> What you will do
Leaving the pictures aside, transcribe every line below exactly.

*** Data Section Begins ***

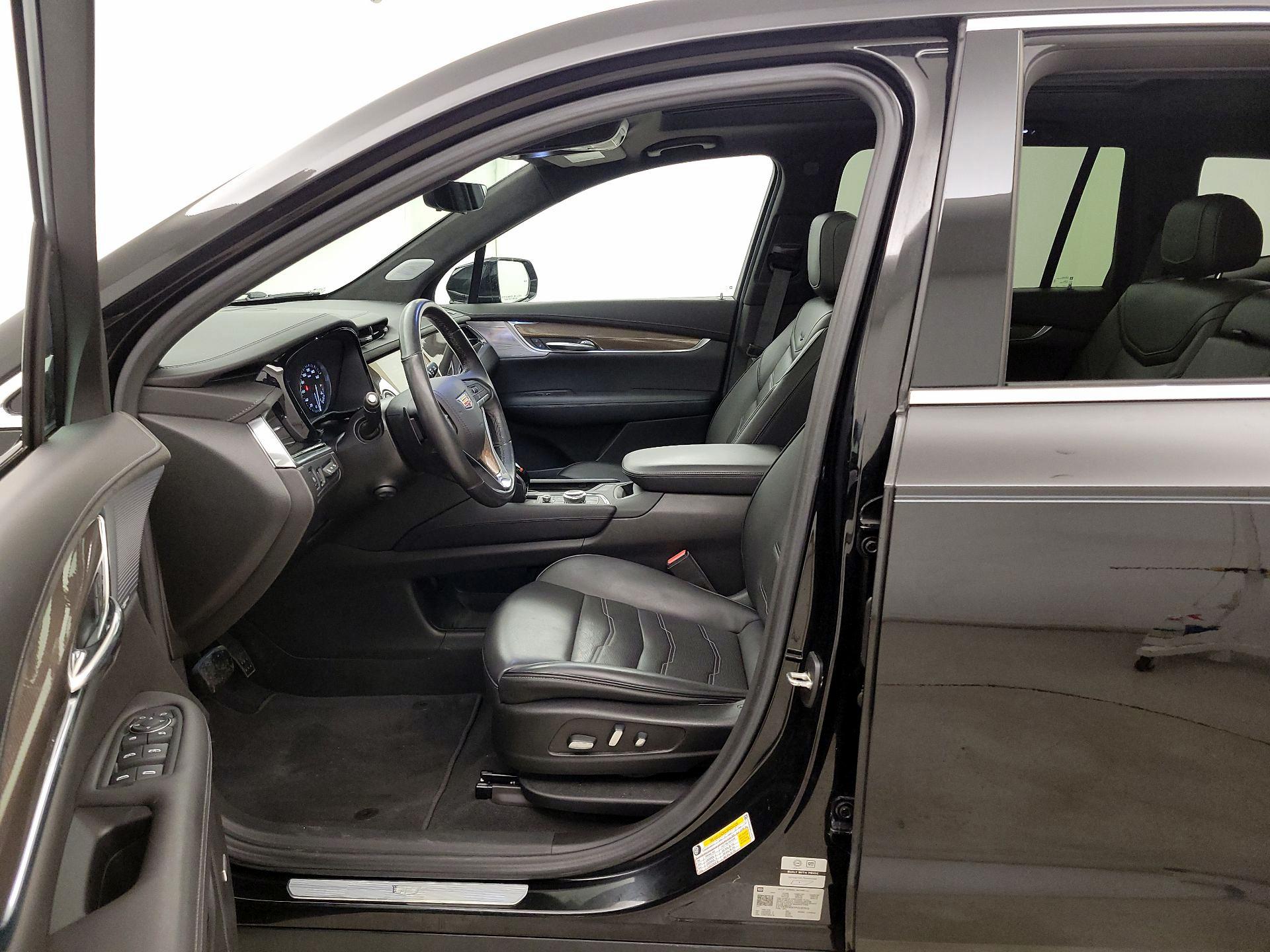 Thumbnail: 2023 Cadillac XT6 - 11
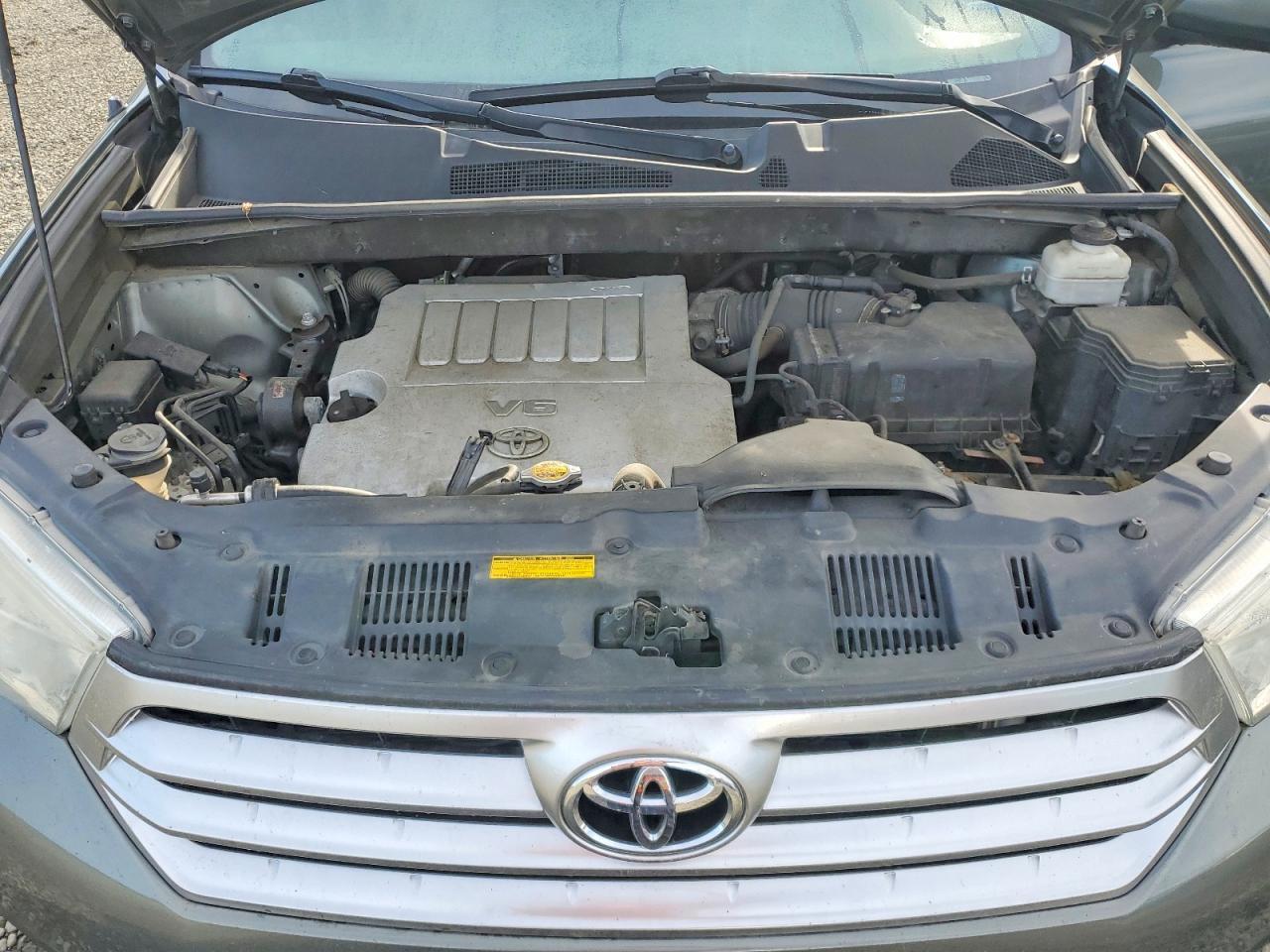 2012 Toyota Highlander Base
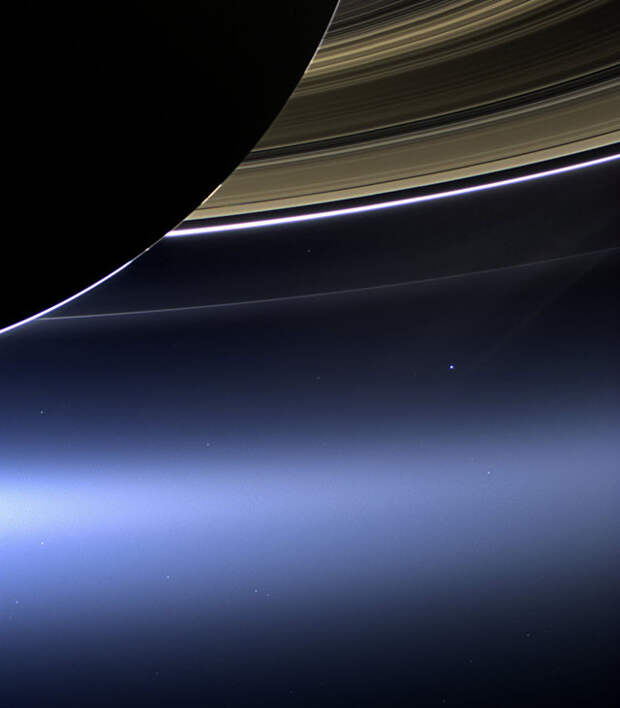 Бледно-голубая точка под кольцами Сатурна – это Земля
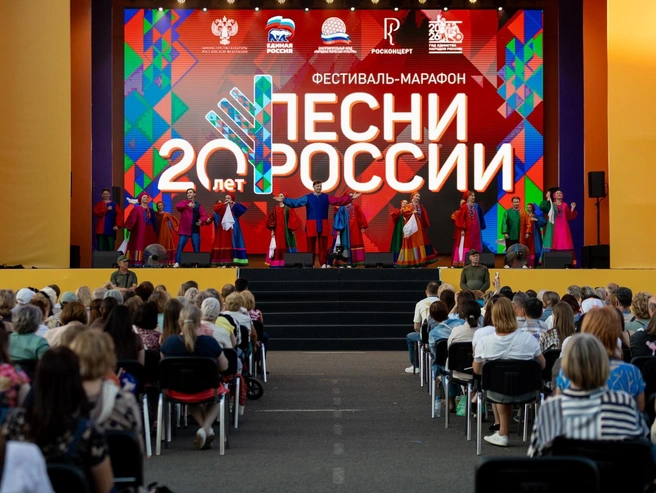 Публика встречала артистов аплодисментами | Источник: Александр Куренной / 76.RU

*** Data Section Ends ***

> Exercise result
 Thumbnail: 2023 Cadillac XT6 - 11
 2012 Toyota Highlander Base
 Бледно-голубая точка под кольцами Сатурна – это Земля
 Публика встречала артистов аплодисментами | Источник: Александр Куренной / 76.RU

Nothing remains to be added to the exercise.